Di questi, da autentico fuoriclasse della scena, Stéphane Degout è il più incisivo nel rendere la statura tragica del suo personaggio, Oreste, attraverso una piena adesione allo stile gluckiano e un formidabile rilievo alla parola drammatica. Molto riuscite anche le prove di Gaëlle Arquez come Ifigenia e di Paolo Fanale come Pilade, anche se in entrambi, e di più nel secondo, sembra talora prevalere la dimensione canora a scapito di una resa a tutto tondo dei rispettivi personaggi. Inappuntabile il resto della distribuzione vocale, nel quale spiccano la sanguigna figura del Thoas di Alexandre Duhamel e le vibranti presenze delle sacerdotesse di Catherine Trottmann (anche Diana) e Charlotte Despaux (anche donna greca).

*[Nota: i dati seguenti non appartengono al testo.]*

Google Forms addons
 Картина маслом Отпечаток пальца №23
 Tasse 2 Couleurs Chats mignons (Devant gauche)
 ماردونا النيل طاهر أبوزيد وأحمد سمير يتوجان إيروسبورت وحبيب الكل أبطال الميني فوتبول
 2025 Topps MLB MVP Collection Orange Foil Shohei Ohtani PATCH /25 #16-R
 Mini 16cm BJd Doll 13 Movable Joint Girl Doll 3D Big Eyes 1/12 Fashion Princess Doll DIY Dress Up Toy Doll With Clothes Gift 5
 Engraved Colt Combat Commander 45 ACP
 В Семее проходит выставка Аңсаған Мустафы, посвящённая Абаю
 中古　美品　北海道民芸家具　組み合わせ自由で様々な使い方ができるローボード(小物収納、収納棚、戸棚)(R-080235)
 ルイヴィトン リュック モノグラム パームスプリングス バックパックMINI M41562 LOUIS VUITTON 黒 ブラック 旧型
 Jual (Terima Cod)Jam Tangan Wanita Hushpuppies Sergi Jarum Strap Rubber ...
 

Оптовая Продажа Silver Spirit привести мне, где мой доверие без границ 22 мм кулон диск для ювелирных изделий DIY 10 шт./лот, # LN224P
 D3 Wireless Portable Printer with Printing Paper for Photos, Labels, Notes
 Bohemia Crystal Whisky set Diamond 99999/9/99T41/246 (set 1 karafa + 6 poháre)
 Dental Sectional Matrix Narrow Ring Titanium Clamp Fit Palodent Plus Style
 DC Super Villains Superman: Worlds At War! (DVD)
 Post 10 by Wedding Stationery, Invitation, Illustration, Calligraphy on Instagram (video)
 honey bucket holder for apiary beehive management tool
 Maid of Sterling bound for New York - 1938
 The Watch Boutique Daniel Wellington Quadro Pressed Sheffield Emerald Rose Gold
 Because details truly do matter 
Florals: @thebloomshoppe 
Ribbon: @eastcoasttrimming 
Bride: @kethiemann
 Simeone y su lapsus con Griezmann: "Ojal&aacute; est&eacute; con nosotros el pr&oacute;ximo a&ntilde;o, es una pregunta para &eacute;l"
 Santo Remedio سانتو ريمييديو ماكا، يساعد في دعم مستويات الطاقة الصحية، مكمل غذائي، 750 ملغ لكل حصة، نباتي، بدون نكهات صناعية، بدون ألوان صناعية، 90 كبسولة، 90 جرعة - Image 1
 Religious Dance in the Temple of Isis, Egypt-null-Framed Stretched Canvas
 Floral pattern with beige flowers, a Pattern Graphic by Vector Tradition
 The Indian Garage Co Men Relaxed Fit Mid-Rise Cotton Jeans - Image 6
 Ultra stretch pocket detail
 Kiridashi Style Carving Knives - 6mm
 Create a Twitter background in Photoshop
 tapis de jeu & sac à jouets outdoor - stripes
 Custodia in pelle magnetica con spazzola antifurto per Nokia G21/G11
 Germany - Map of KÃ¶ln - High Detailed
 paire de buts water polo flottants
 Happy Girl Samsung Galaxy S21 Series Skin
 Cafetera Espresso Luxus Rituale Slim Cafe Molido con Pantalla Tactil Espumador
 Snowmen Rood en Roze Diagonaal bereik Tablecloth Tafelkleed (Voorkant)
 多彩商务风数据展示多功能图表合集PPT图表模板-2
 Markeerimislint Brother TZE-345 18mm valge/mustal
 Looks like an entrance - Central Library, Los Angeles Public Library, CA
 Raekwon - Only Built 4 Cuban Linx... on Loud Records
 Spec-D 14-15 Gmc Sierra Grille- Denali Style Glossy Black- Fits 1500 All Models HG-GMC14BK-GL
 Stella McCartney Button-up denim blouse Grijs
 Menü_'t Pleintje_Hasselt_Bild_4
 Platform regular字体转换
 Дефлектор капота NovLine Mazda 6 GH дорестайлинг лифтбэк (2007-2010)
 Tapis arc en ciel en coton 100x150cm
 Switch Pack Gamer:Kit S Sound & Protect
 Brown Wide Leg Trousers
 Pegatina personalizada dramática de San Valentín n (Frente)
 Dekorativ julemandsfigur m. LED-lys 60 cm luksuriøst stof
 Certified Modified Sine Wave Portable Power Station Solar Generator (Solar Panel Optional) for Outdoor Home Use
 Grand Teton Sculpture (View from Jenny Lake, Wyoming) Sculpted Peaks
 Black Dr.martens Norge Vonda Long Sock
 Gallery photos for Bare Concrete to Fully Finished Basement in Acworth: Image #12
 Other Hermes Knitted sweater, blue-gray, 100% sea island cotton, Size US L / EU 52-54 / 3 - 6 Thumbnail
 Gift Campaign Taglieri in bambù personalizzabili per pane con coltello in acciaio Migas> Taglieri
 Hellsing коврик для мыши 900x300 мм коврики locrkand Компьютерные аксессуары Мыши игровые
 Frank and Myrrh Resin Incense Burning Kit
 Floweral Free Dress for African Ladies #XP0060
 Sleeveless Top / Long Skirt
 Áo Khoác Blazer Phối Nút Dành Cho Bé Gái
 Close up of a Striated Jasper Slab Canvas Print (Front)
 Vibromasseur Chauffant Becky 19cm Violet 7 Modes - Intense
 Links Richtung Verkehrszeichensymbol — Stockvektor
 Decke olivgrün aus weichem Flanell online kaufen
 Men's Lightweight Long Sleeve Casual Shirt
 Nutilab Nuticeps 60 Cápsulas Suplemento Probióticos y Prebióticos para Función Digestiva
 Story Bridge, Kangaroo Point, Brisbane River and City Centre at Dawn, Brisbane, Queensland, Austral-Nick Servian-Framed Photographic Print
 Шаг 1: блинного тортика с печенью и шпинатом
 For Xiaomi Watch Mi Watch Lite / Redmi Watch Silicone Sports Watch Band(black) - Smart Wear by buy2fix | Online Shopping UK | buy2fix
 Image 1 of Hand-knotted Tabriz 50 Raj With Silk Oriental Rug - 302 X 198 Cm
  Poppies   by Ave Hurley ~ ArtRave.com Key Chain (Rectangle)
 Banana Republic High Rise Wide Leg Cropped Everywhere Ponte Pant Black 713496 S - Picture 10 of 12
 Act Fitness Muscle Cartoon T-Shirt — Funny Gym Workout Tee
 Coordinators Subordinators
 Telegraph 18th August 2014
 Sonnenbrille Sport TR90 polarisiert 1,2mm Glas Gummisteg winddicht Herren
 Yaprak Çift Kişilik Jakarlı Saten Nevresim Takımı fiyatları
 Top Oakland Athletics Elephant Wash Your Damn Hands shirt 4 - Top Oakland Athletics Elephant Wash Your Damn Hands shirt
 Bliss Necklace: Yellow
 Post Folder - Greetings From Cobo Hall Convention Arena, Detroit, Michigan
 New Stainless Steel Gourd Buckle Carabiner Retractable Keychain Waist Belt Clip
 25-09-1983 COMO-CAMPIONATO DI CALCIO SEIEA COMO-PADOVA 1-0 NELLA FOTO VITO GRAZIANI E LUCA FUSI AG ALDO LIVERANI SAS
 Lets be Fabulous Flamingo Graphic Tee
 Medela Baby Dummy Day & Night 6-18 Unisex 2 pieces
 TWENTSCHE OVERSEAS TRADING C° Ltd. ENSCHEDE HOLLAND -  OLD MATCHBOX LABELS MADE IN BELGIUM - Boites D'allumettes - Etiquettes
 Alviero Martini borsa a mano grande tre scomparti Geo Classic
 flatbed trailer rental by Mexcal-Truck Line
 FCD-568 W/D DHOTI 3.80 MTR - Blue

Aggiunge smalto all’impeccabile esecuzione musicale di questa Iphigénie la presenza dei formidabili musicisti del Balthasar Neumann Ensemble e Coro (quest’ultimo in buca per lasciar campo libero alle coreografie): suono trasparente, dinamiche vigorose, impennate vertiginose nelle strette drammatiche ma soprattutto grande rilievo alla parola, specie nei tesissimi recitativi, sono gli ingredienti principali. Va reso il giusto merito, naturalmente, anche della direzione sensibile ed esperta di Thomas Hengelbrock, che torna a misurarsi con il Gluck francese un anno dopo la ripresa del marcante successo di Orphée et Eurydice nello storico allestimento di Pina Bausch per l’Opéra national de Paris del 2005. 

Pubblico folto alla prima nella sala di Avenue Montaigne. Successo incondizionato con applausi ritmati e numerose chiamate.